How many subgroups of order 17 does $S_{17}$ have ?
My attempt :
An order 17 group is of prime order, hence cyclic and each element in it is a generator and of order 17.
In $S_{17}$ group we can get an order 17 element only through a 17-cycle.
Number of elements of order 17 in $S_{17}$ is $\frac{17!}{17} = 16!$.
Now given that two sylow 17 subgroups have only a trivial intersection.
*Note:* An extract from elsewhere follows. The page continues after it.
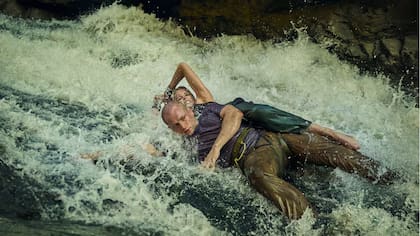 Charlize Theron y Taron Egerton en Ápex (Foto: Netflix)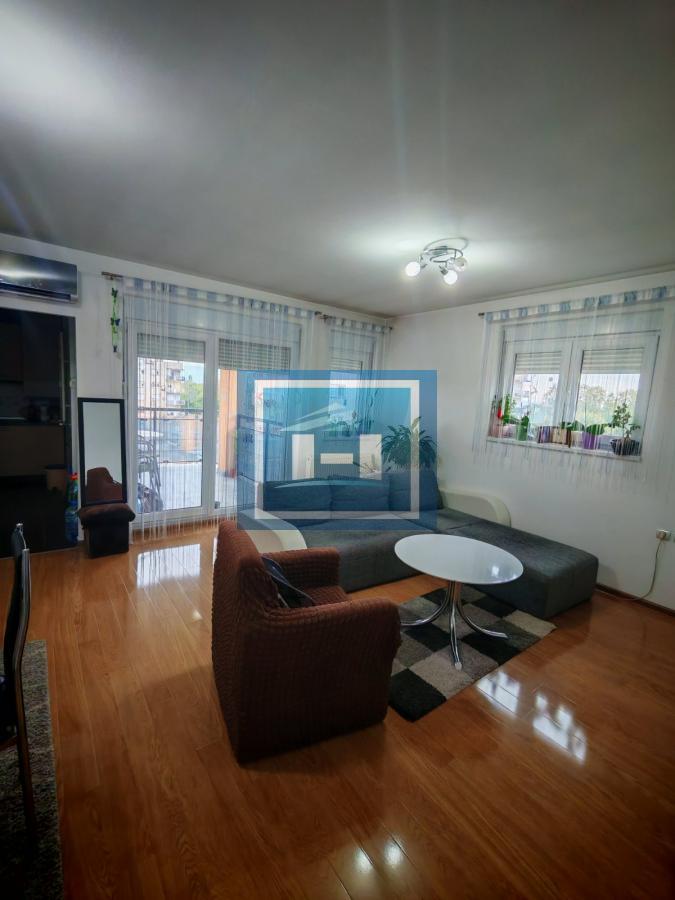 Trosoban stan u novogradnji sa parking mestom i podrumom 1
We can conclude that 16 of these elements fall into each sylow 17 subgroup.
Hence the number of sylow 17 subgroups would be $\frac{16!}{16} = 15!$
Your answer looks correct.
It is true that there are $16!$ elements of order $17$, but if this is a homework question a marker might want you to elaborate on why that is.
An alternative (but not necessarily better) proof is as follows:
Consider the set of subgroups of $S_{17}$ of order $17$. As you noted, these subgroups must be cyclic. In particular they must be transitive.
For each subgroup $G$ fix $g\in G$ with $g(1)=2$. $g$ is the only such element of $G$ and generates $G$ so uniquely defines $G$.
Write $g=(1,2,x_3,\ldots,x_{17})$. There are $15!$ choices for the $x_i$ so $15!$ such subgroups.